Benchmark methodology

read as .md

benchmarks.ggui.ai is the public dashboard for ggui’s generation quality. It runs nightly and publishes per-cell quality, latency, and cost across a three-tier model matrix. This page is the methodology behind those numbers — what is measured, how it is scored, and how to reproduce a run yourself.

Every night the harness generates UI for a fixed corpus of prompts across a three-tier model matrixfast, balanced, and premium capability tiers, each instantiated on the three providers ggui supports (claude, openai, google). Every matrix cell records three things:

  • Quality — the aesthetic score (below), 0–100.
  • Latency — wall-clock time to a compiled, contract-typed component.
  • Cost — provider spend for the generation, in USD.

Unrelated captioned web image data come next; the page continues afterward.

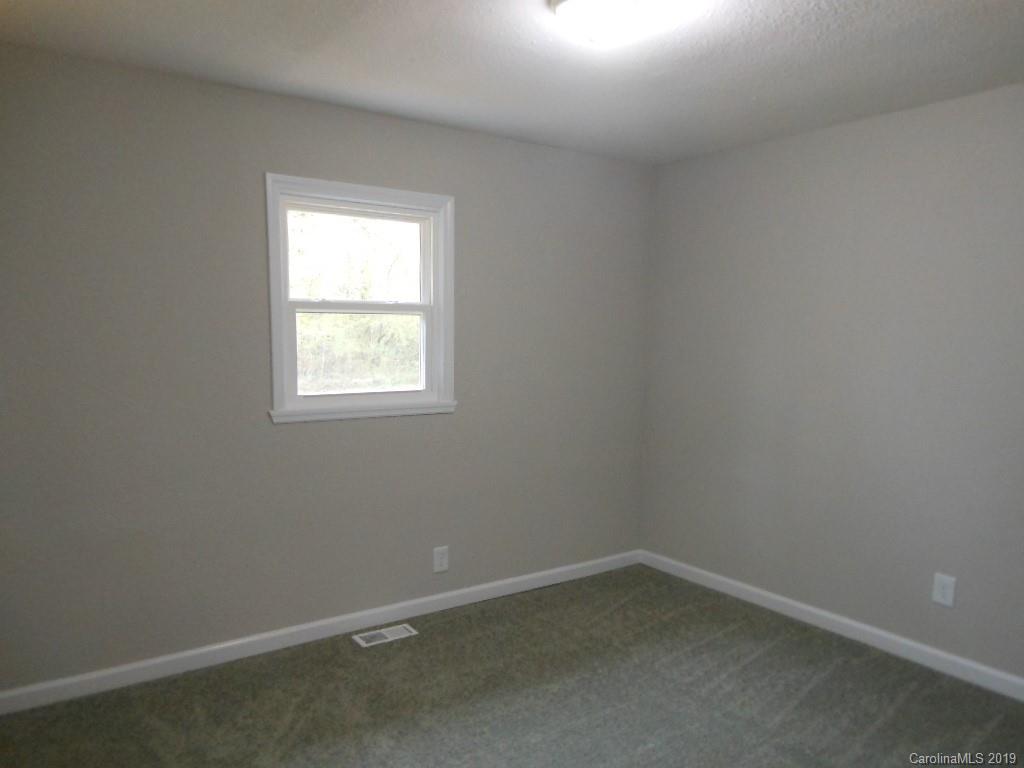 425 Isom Street Lancaster, SC 29720 - Photo 7 of 14 Gallery Image 7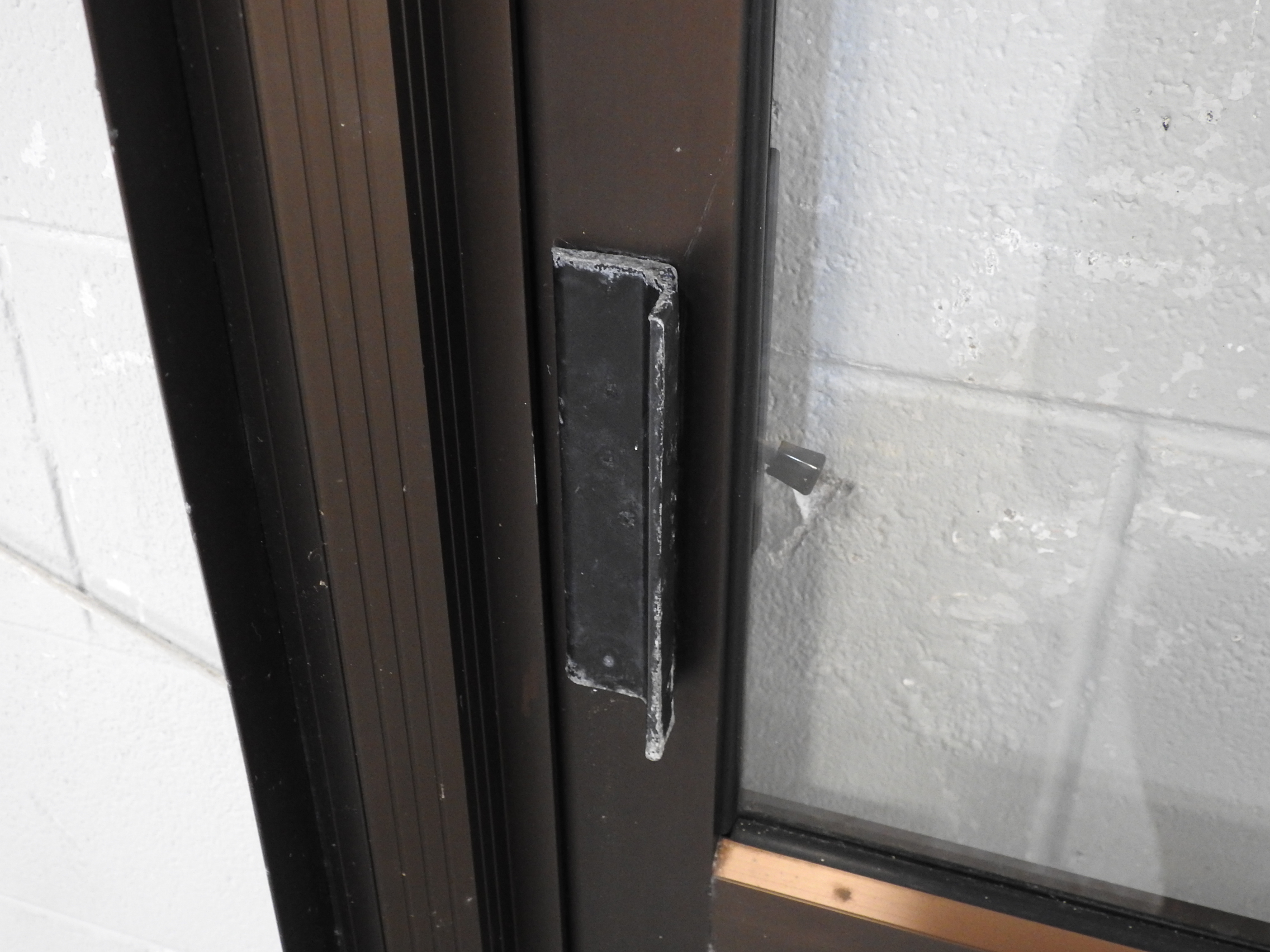 Bronze Aluminium Sliding Door With Two Awning Windows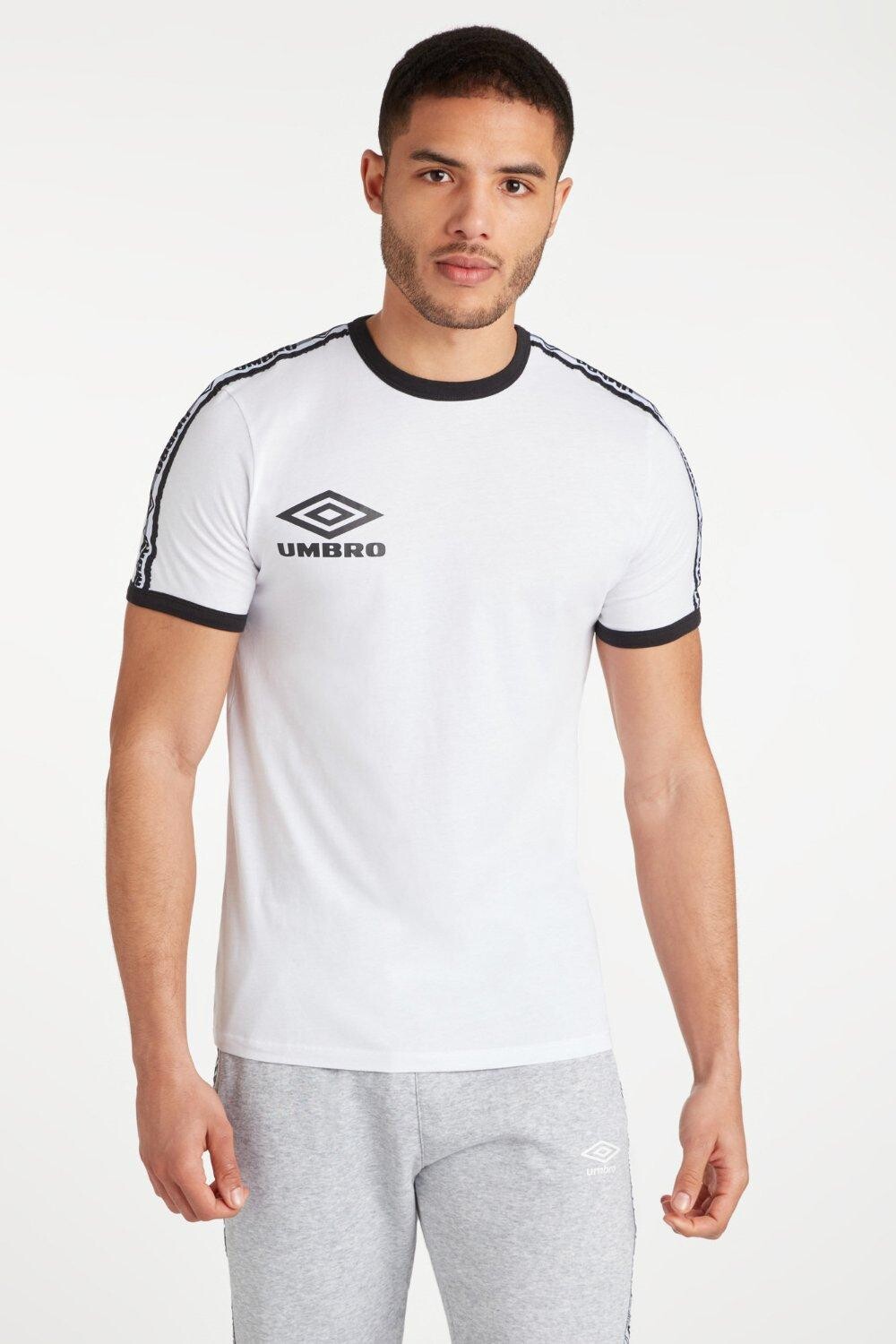 

футболка со звонком Umbro, черный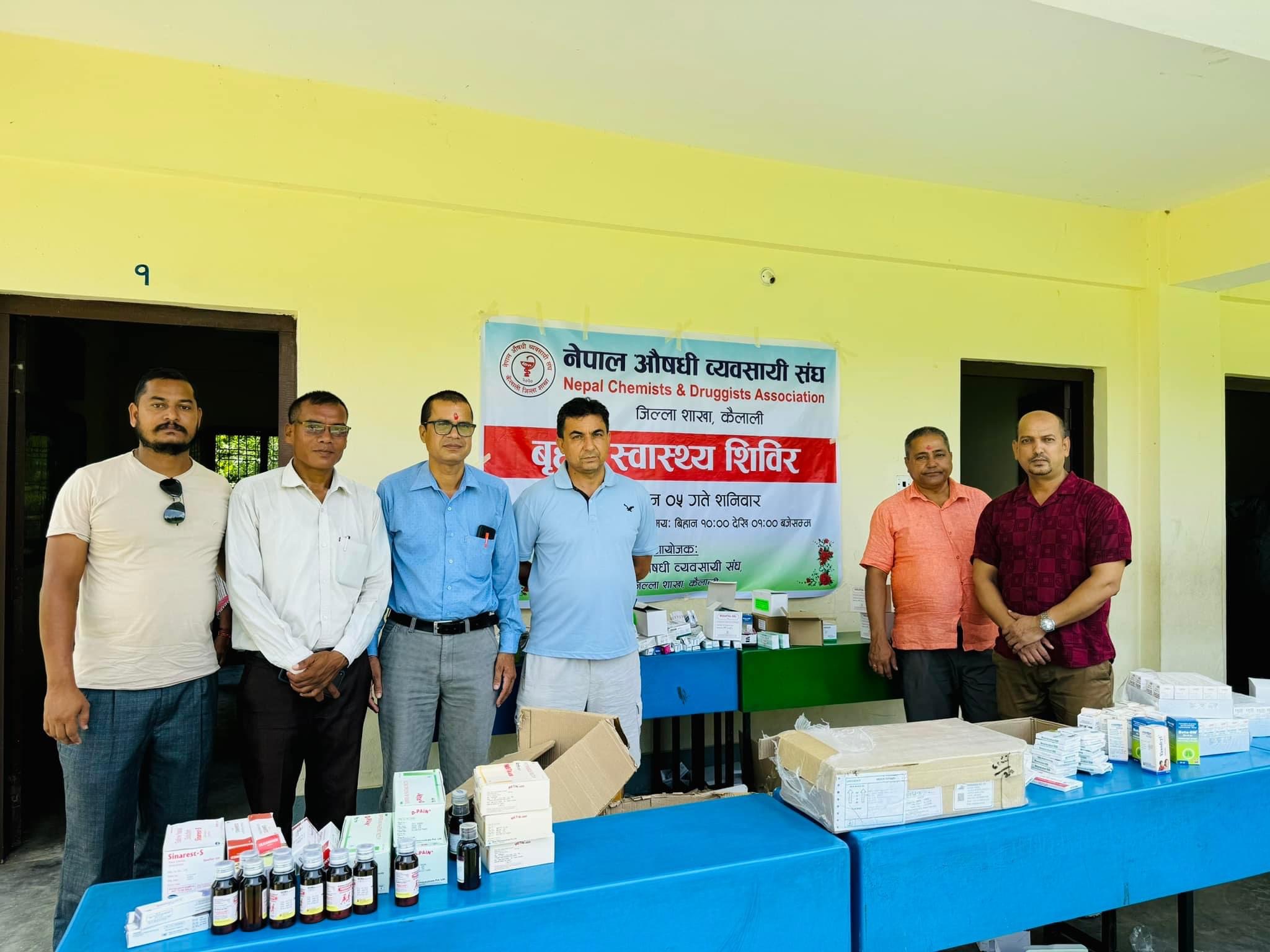 कैलाली अस्पताल र औषधी ब्यवसायी सघंद्वारा स्वास्थ्य शिविर, ४ सय ४७ जना  लाभान्वित ।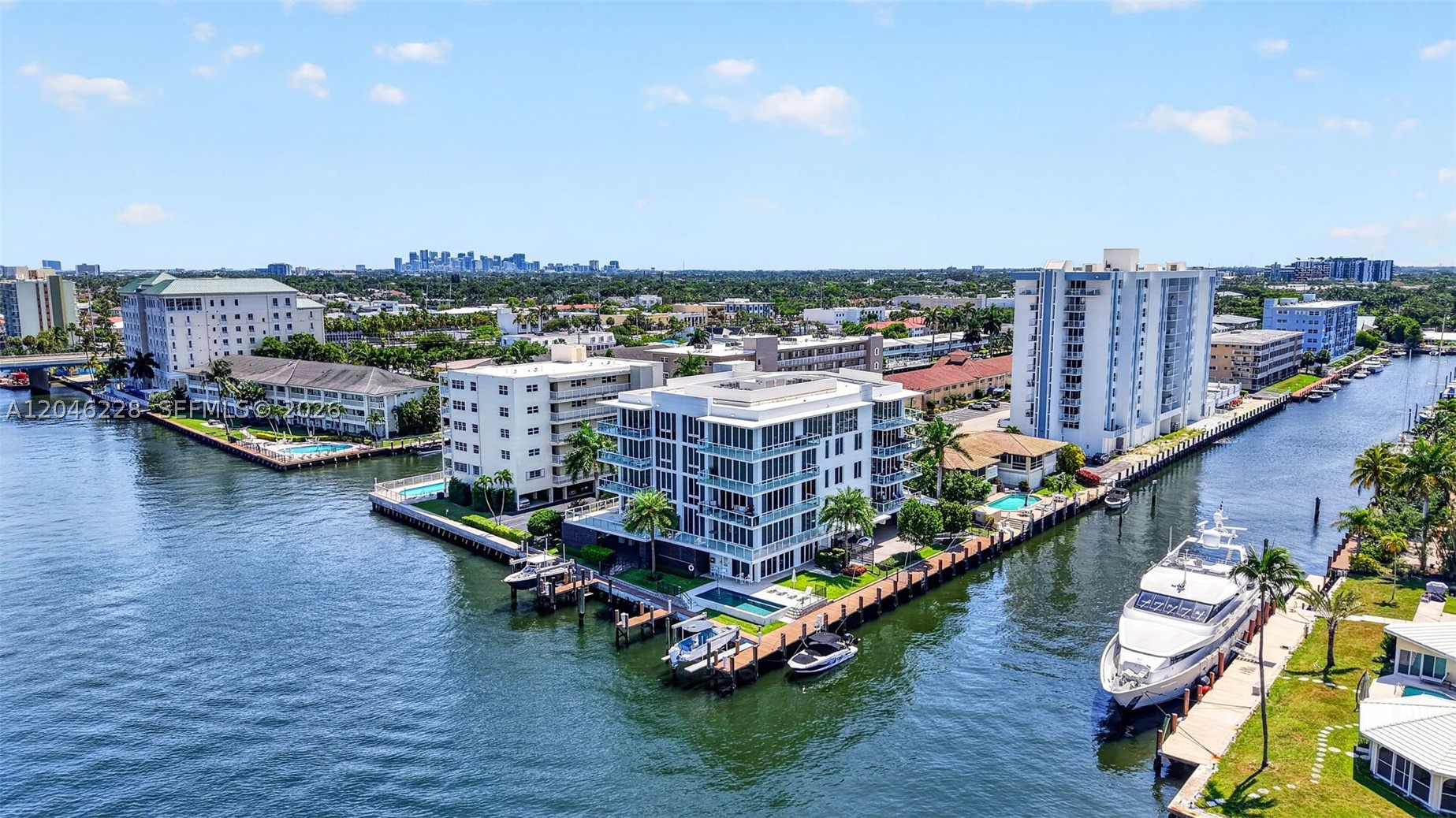 33 INTRACOASTAL CONDOMINI - Residential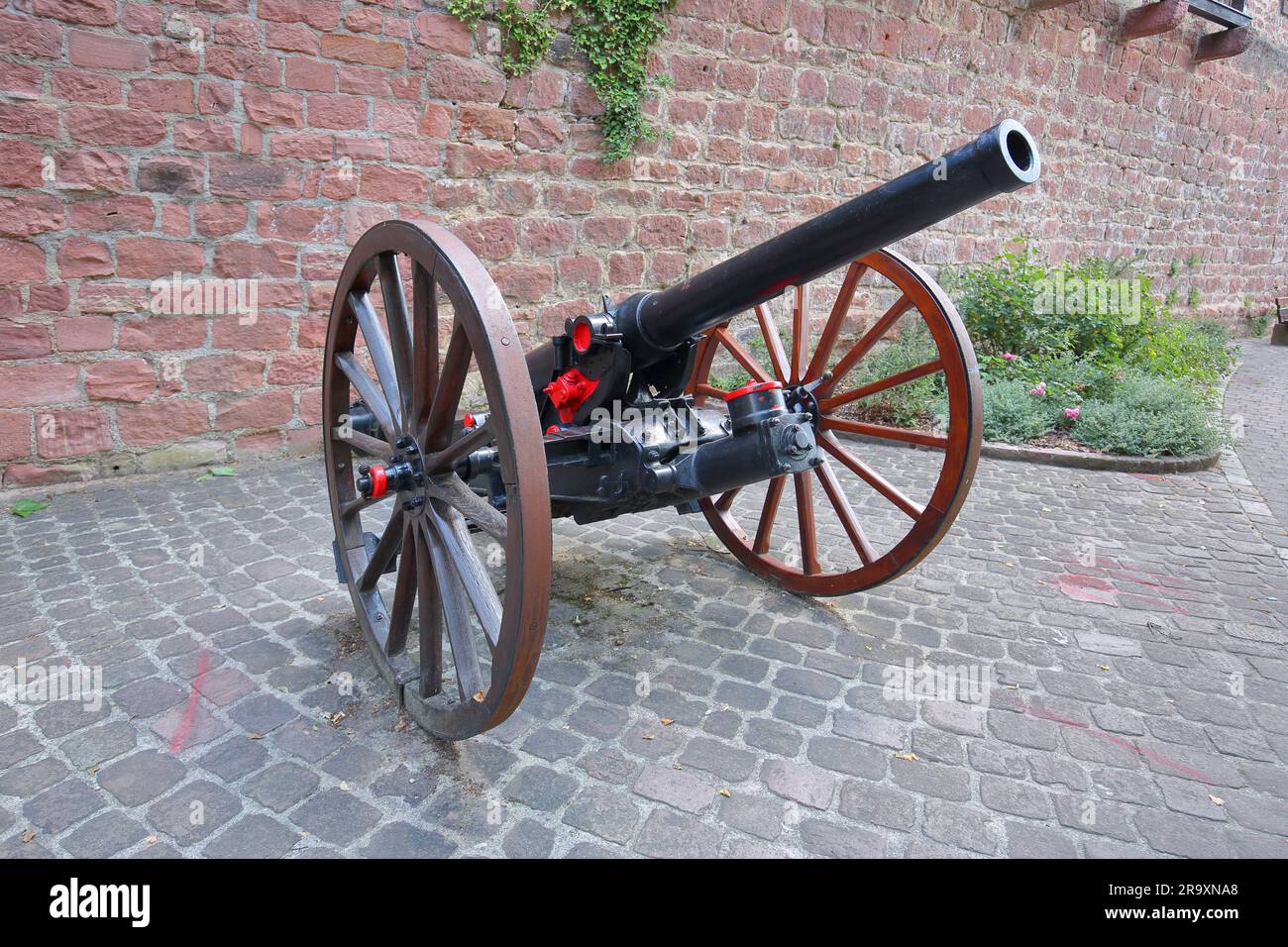 Cannone con ruote per carri davanti alle mura cittadine di Eberbach, valle del Neckar, Baden-Württemberg, Germania Foto Stock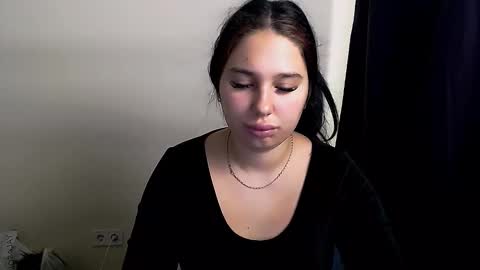 Olivia online show from November 3, 4:14 am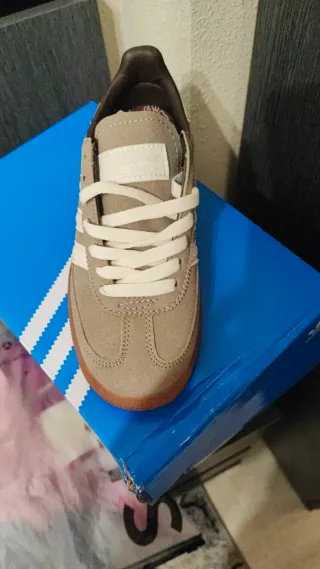 Zapatillas Adidas Beige/Marrón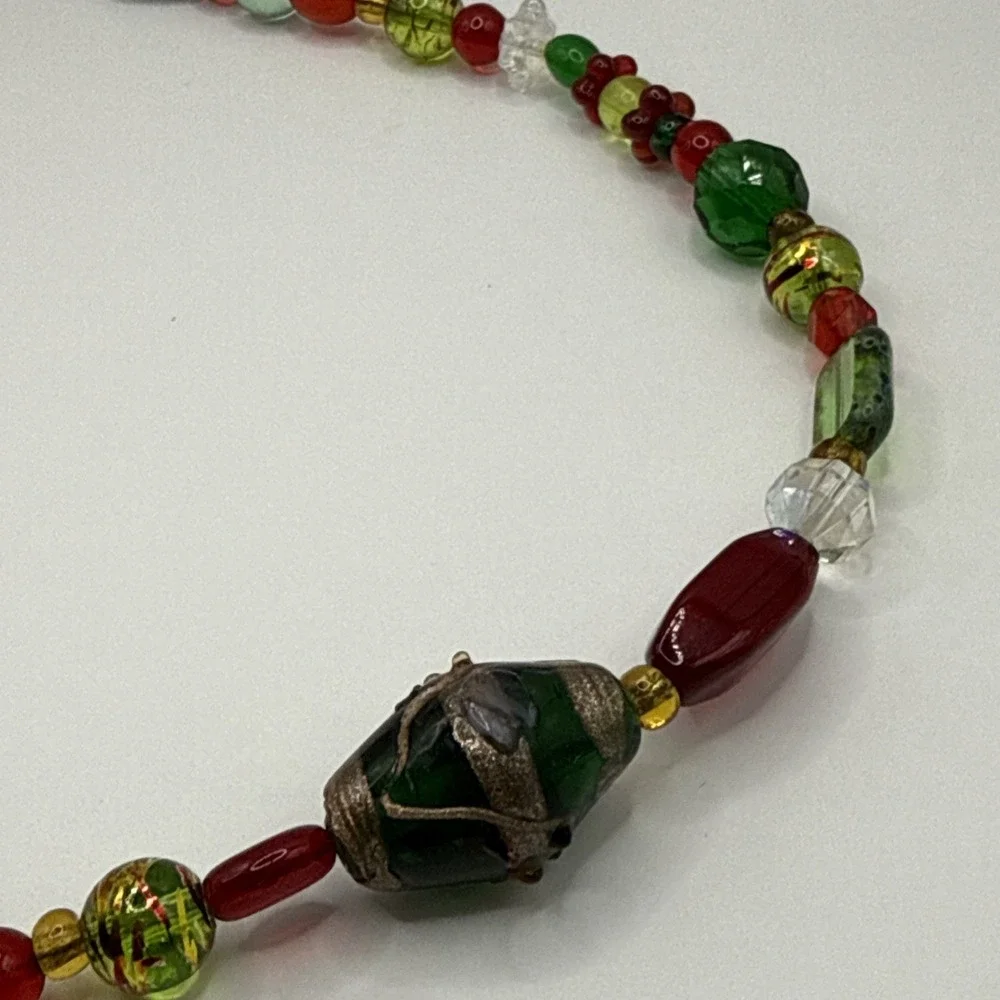 Vintage Necklace‎ Art Glass Red Green Beads Round & Figural Abstract Beaded 14in - Picture 9 of 16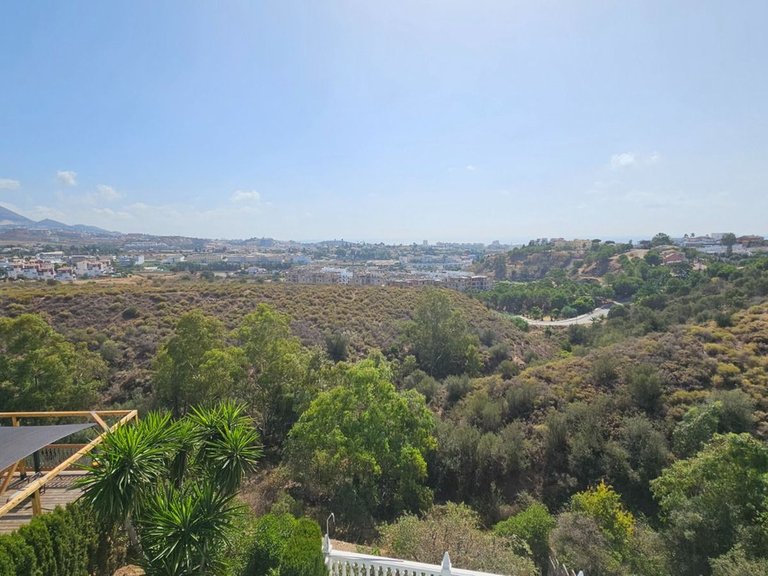 Villa for Sale in Mijas Costa, Malaga 46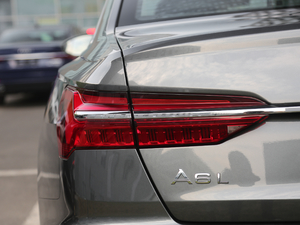 202055 TFSI e quattro ^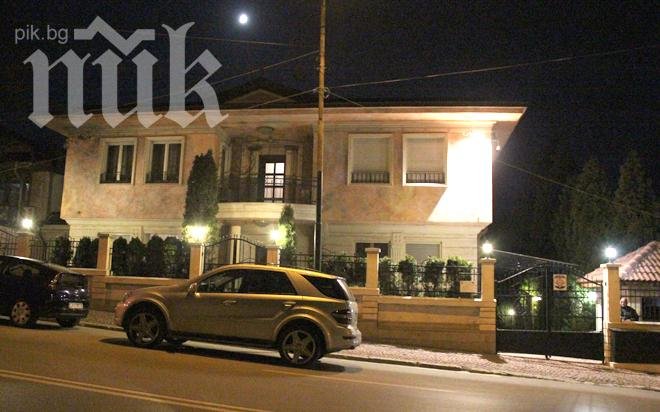 Медиите проспаха освобождаването на Лара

The dashboard publishes per-cell results. It is not a provider leaderboard — see Judge panel.

Quality is the mean of five aesthetic dimensions, each weighted equally at 20% and scored 0–100:

DimensionWhat it captures
LayoutSpacing, alignment, structure, responsive behavior
Design tokensCorrect use of @ggui-ai/design tokens over ad-hoc CSS
HierarchyVisual weighting — what reads first, second, third
PolishStates, affordances, finish; the absence of rough edges
Data presentationHow clearly the contract’s data is rendered

The pass threshold is 70. A cell at or above 70 is a pass; below is a fail. The five-dimension breakdown is published alongside the composite so a regression can be traced to the dimension that moved.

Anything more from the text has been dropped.